Part of the problem was the format. In Bridge and Tunnel, a group of immigrants, who had originally found each other over a chat room, come together for an annual poetry reading in Queens. They all come forward and read a poem, or tell a story--most of the time, quite briefly. We weren't allowed to get to know any of the characters too well--barring a Mexican union-organizer and a Chinese mother-turned-gay-marriage-activist--the evening was not so much a revelation of the immigrant experience through a collage of rich characterizations, but instead a revue, skating over pretty well-known tropes about the immigrant experience in America. (I can't even remember the characters' names--it's not surprising that people just refer to them as "the Vietnamese guy" or "the Jamaican woman.")
The prodution never coalesced--the pieces never added up. We saw no conflict--between characters, within characters, or against anyone other than the faceless Opressor. Even though all the characters were in the same room, we saw little to no drama happening onstage.
It was a feel good show, and didn't make us have to think too hard, or work too hard, or face ourselves, or challenge us. The Berkeley audiences ate it up, and went home feeling great about Sarah Jones, and about themselves. "Did you see how her hands shook as the old Jewish lady, while she still managed to keep talking?" Yeah, I did. I heard Surface Transit was better--but I doubt she'll revive it. Bridge and Tunnel is going to Broadway.
Saturday, January 29, 2005
The Medora Musical, Part Four
It was only two years of Theodore Roosevelt’s life. “He stopped to take a piss” joke the actors in The Medora Musical. They then quickly backpedal, reciting chapter and verse the accepted legend of TR’s transformation in Dakota, which follows as thus:
Teddy Roosevelt began his adult life a whiny, flamboyant rich boy, left sickly from a hothouse childhood battling asthma. His intelligence, however, combined with his family’s wealth to ensure a promising future. By the age of 26 he had published an authoritative naval history, and hacked his way into the New York State Senate, where he distinguished himself with his extensive connections, aggressive opinions, dandy dress, pretentious vocabulary and shrill voice.
Tragedy struck this charmed life. Teddy’s young wife Alice gave birth to their first child; and two days later, on February 14th—the fourth anniversary of their engagement—both she and Roosevelt’s mother died within hours of each other in the same house. That night, Roosevelt drew a large cross in his diary, writing beneath it: “the light has gone out of my life.”
Their deaths left Roosevelt unable to continue fighting political machinations. He returned to the last place he had been happy—the frontier town of Medora. During Alice’s pregnancy, Teddy had pursued a long-standing dream—bagging buffalo in the Dakota territories. After two weeks of mud, cold and rain, he was sufficiently enchanted to buy a ranch. This ranch would now become his home for two years.

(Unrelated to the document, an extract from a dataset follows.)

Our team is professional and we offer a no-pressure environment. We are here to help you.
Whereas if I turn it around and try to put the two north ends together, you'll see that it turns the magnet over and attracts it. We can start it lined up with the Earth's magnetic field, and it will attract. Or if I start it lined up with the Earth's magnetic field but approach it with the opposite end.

Medora was not a glamorous place. It had one church (Catholic, built by the Marquis), but several saloons, and was rough and dirty and difficult and struggling as any other settler town.

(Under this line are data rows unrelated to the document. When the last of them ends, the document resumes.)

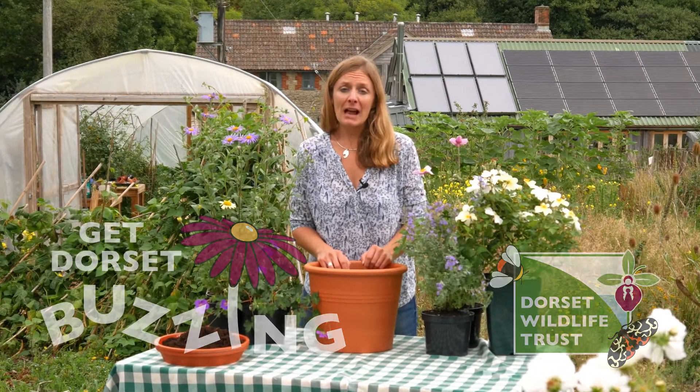Hello, I'm Kate Bradbury, and for this Get Dorset Buzzing film I'm going to talk about the diversity of pollinators and the diversity of plants we should grow for them.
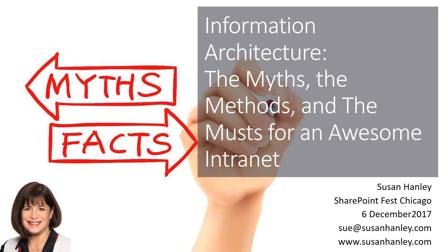Hi, I'm Sue Hanley, and if you're planning to go to SharePoint Fest in Chicago in December, I hope you'll join me for my full-day workshop on information architecture for intranets.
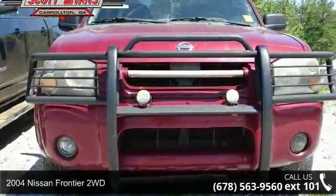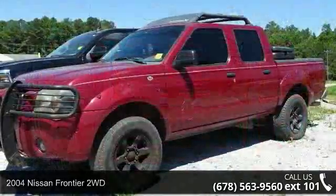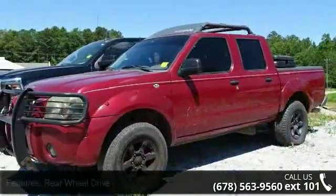Step into the 2004 Nissan Frontier 2WD. If you are looking for an automobile with great features, look no further.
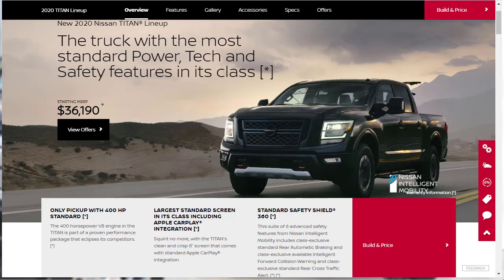Hi, welcome, thanks for joining me. On this episode of Build Your Own, we're going to build, price, and option a 2020 Nissan Titan XD Platinum Reserve, as well as learn about the features and other configurations. Before we do, I just want to remind you that if you find this build and price review helpful, informative, or entertaining, please like, share, and subscribe to my channel.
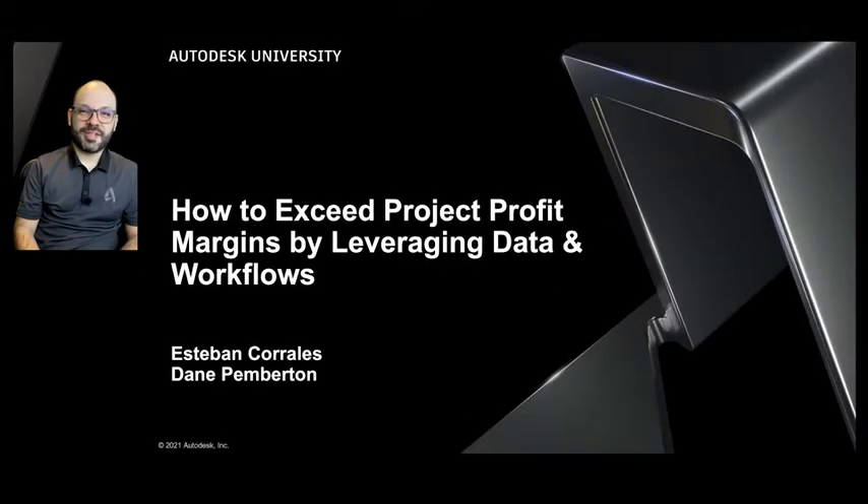Hello, everybody. Welcome to Autodesk University and our class on how to exceed project profit margins by leveraging data and workflows. My name is Esteban Corrales, and I'm a technical sales executive at Autodesk. I work closely with customers on how our tools can help their business goals and their team's workflows.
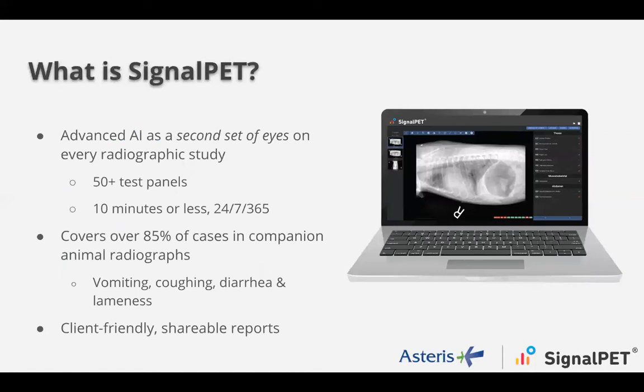I want to talk about what SignalPet is, what the capabilities are, show you how it works, and then walk you through a case study showing how the integration works. SignalPet is an AI technology that utilizes machine learning and artificial intelligence to assess radiographs in real time for normals and abnormals. The best way to explain it is like how you look at blood work — you run a CHEM 22, it spits back 22 normals and abnormals. Our system does the exact same thing for over 50 different radiographic findings, in 10 minutes or less, no matter the time of day or night, 24-7, 365.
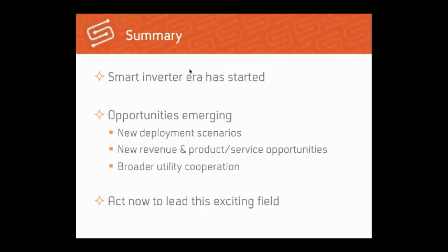The smart inverter era has definitely started — building for several years, getting started in Europe about two or three years ago, and now needed here and now in the United States. The opportunities are well identified: the ability to deploy solar and storage to serve multiple masters — both utilities and energy offtakers — is now possible. This will lead to new revenue and service opportunities for all and forces industry cooperation with utilities to build out the nation's storage and energy infrastructure.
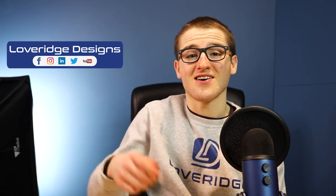Thank you very much for taking the time to watch the video. I hope you found it informative and engaging. Until next time.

An odd place for a man of destiny. But now, he was man of ability with nothing left in his life to lose. During the two years that followed, Teddy underwent an almost unimaginable change. The “Bully” TR of American legend was born from a man who wrote his sister, “Black care rarely sits behind a rider whose pace is fast enough.” He avoided his own pain and rode fast, building a ranch house, raising cattle, hunting, beating up drunken louts in saloons, serving a stint as deputy sheriff. He helped ranchers organize the Little Missouri Stockmen’s association. He famously chased thieves through a blizzard and brought them to justice at gunpoint.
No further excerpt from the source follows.